--- START ---

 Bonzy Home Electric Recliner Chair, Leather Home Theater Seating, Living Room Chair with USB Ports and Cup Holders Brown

--- END ---
--- START ---

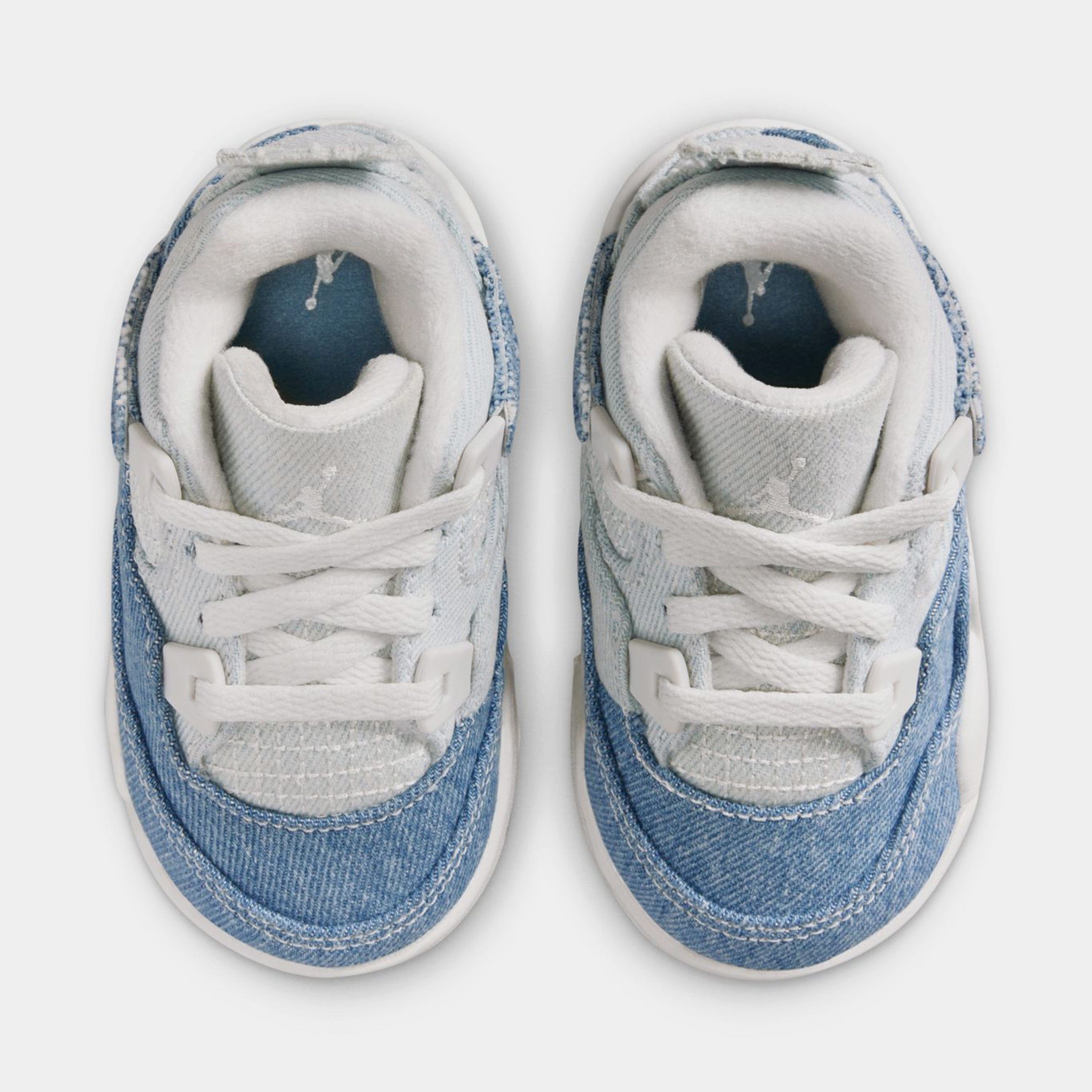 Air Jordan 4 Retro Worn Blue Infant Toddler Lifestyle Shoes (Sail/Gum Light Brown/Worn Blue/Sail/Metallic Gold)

--- END ---
--- START ---

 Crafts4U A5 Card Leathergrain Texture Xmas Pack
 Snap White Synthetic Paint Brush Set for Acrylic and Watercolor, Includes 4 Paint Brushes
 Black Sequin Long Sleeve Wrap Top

--- END ---

Give back exactly the lines above starting at the line where "Snap White Synthetic" appears and ending at the line where "Black Sequin Long Sleeve Wrap Top" appears, both included, with no other lines.

● Written reply:
 Snap White Synthetic Paint Brush Set for Acrylic and Watercolor, Includes 4 Paint Brushes
 Black Sequin Long Sleeve Wrap Top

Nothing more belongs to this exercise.